静岡茶をツールに家庭・地域とつながる 保護者向けにも講座を開催

静岡県裾野市立東小学校


茶処(どころ)として全国的にも有名な静岡県では、小中学校の児童生徒の静岡茶の愛飲の促進に関する条例(2016年静岡県条例第53号)を定め、静岡茶をツールとした食育を推進することにより、児童生徒の健全な心と体を培い、豊かな人間性を育むことを目指している。この条例では、学校において、静岡茶を飲むこと、静岡茶を学ぶことを柱に掲げ、それを受け、県内の小中学校でさまざまな取り組みが行われている。

本校のある裾野市は、静岡県の東部に位置し、霊峰富士の裾野に広がり、東に箱根の山々、西に愛鷹連山と自然豊かな工業のまちであるが、大きな茶畑が少なく、児童にとって静岡茶は身近な存在とは言えない現状であった。さらに、家庭でお茶を入れて飲む機会も少なく、急須が家庭にないといった状況も見られた。

食育を推進するためには、学校だけの取り組みだけでなく、家庭や地域がともに取り組むことが必要である。本校では、2019年度に文科省「つながる食育推進事業」の指定を受け、静岡茶をツールに、学校・家庭・地域が連携した、食育の一層の推進を図ることとした。

■静岡茶を学ぶ主な実践内容

4・5・6年生やPTA家庭教育学級を中心に静岡茶の学習をした。

秋冬番茶のお茶摘み体験

4年生は総合的な学習の時間を活用し、静岡茶に関する体験を多く実施した。7月に、栄養教諭や家庭教育学級の保護者とおいしいお茶の入れ方を学んだ。10月には秋冬番茶のお茶摘み体験をした。さらに裾野市茶手揉保存会を学校に招いて、手もみ茶体験を実施したり、茶道講師を招いて、茶道体験を実施したりした。

5年生は、家庭科で調理の基本のお湯を沸かす学習の中で、栄養教諭とお茶の入れ方を学習し、ご飯とみそ汁の調理実習では、家庭教育学級の保護者にお茶のふりかけや茶飯の作り方を教えてもらった。

6年生は、日本茶インストラクターに、湯温や待つ時間などの詳しいお茶の入れ方を教えてもらったり、キャリア教育としてお茶に関わる仕事のやりがいについて話してもらったりした。

家庭科での調理実習

PTA家庭教育学級では、お茶講座を3回開催。保護者もお茶の入れ方をはじめ、静岡茶を使った料理作りなどを体験して、静岡茶について学び、児童へのお茶の入れ方体験、調理実習の授業の支援に入り、保護者がお茶講座で身に付けたスキルを生かすことができた。

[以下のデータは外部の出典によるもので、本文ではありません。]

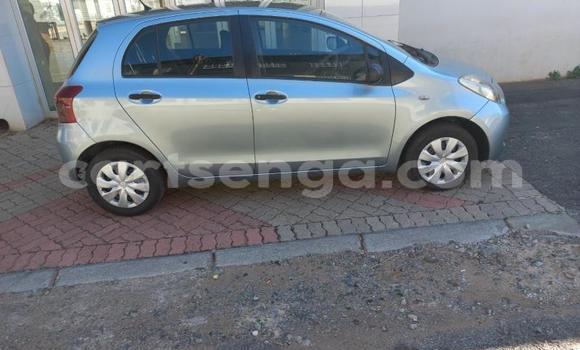Buy Used Toyota Yaris Silver Car in Hlatikulu in Shiselweni District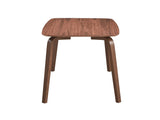 Casson - Dining Table - Walnut - Furniture Home Direct
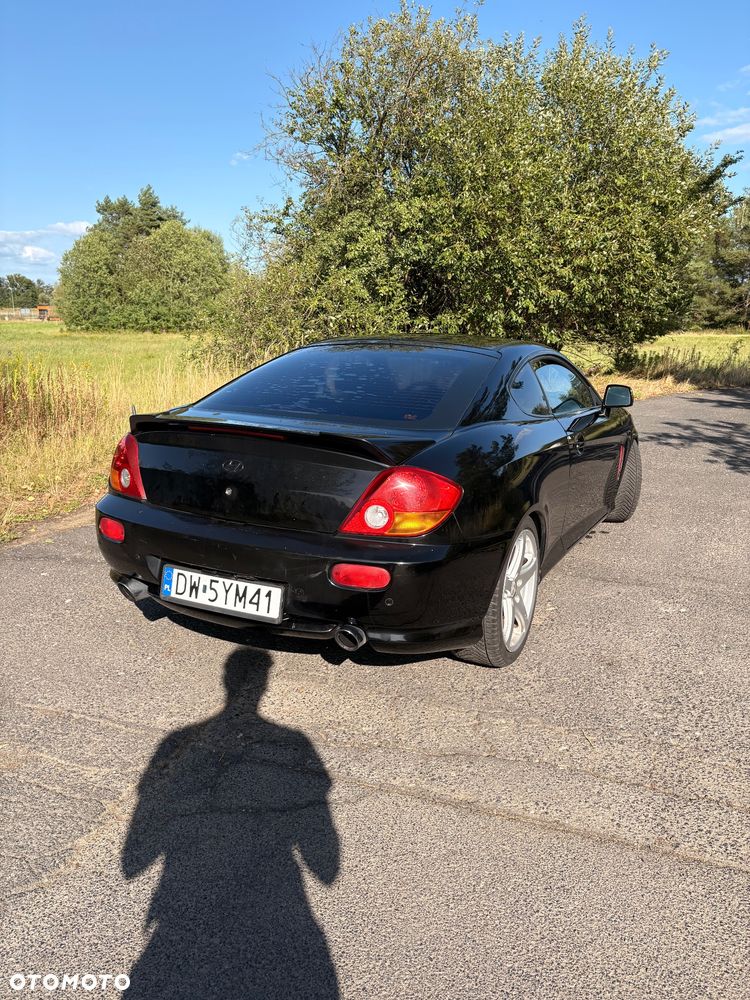 Hyundai Coupe 2.0 GLS - 15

年間を通して、給食では、お茶グラタン、茶―ハン、お茶蒸しパンなど、静岡茶を使った献立を提供し、児童へお茶についての紹介をした。3学期には、静岡茶を入れた水筒の持参を推奨する期間を設け、栄養教諭や養護教諭が静岡茶の健康効果について話をするなどして、全校でお茶について学んだ。

■実践の成果と課題

児童は、静岡茶に関するさまざまな体験を通して、静岡茶への理解が深まった。授業で学んだお茶の入れ方を家でも実践してみようという感想が多く、実際に裾野市でお茶を生産していることを知っている割合、家で緑茶を毎日飲む児童の割合が増加した。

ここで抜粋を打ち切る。